By Brock ThiessenKeeping up with Mark McGuire in recent years has been one exhausting undertaking, though an entirely worthwhile and rewarding one. Since co-founding the Cleveland, OH-based Emeralds trio in 2006, the 24-year-old guitarist has unleashed what seems like a non-stop stream of kosmische-minded explorations. While many of these have of course come at the hands of Emeralds ― who snagged more than a few high-profile best-of-year honours for 2010's mind-expanding Does It Look Like I'm Here? ― McGuire's solo output has been nearly as prolific, with the guitar player amassing well over 30 cassettes, CD-Rs and LPs between 2007 and 2011, not to mention a good half dozen side-projects. Yet besides McGuire's stellar 2010 debut solo outing for Editions Mego, Living with Yourself, almost all the experimentalist's releases have come in frustratingly limited runs, leading only the most hardcore of followers to ever hope for some complete McGuire collection. In attempts to help fans old and new get a handle on that extra-busy past, he has again teamed up with Editions Mego to assemble A Young Person's Guide to Mark McGuire, a compilation that looks back on the guitarist's solo career with two CDs, 20 tracks and nearly two-and-a-half hours of looped, layered and intricately played guitar-scapes. To get some insight on the comp, Exclaim! recently caught up with McGuire at his new home base of Portland, OR, where he shed some light on his young person's guide, dizzying release schedule, and his future plans for both Emeralds and his solo career.

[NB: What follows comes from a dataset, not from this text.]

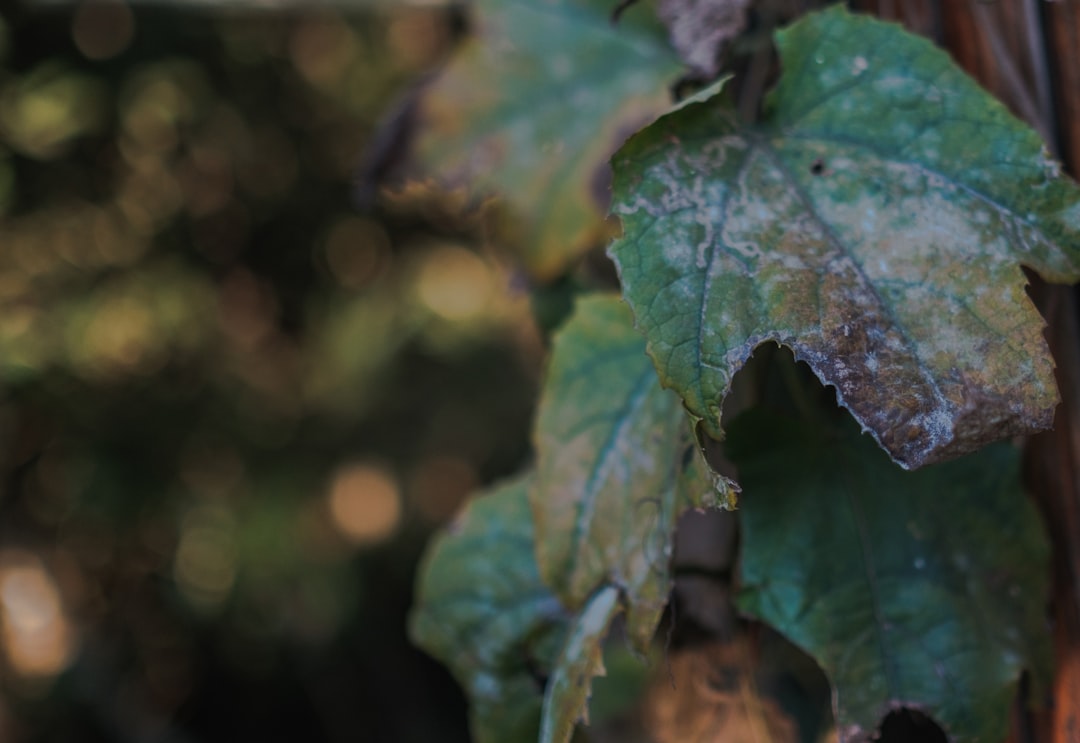 Mildiou 2026 : l'humidité de juin met les vignerons sur les nerfs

So what made you decide to put this comp together now? It was [Editions Mego head] Peter Rehberg's idea to do the comp. I've reissued a couple of my cassettes already on LP. I did the Tidings / Amethyst Waves [2007/2008] and Off in the Distance  as LPs [in 2010]. So I picked all the songs [from past cassettes] that were checkpoints or stepping stones from the past few years and put them altogether. For the comp, so much of the stuff I have released is so limited and no one really has it, so I wanted it to start being out there in a more accessible format. I think the double CD is going to be really cool because it packs a lot of punch for two discs and it's not some big, ridiculous LP box set that people have to spend a bunch of money on.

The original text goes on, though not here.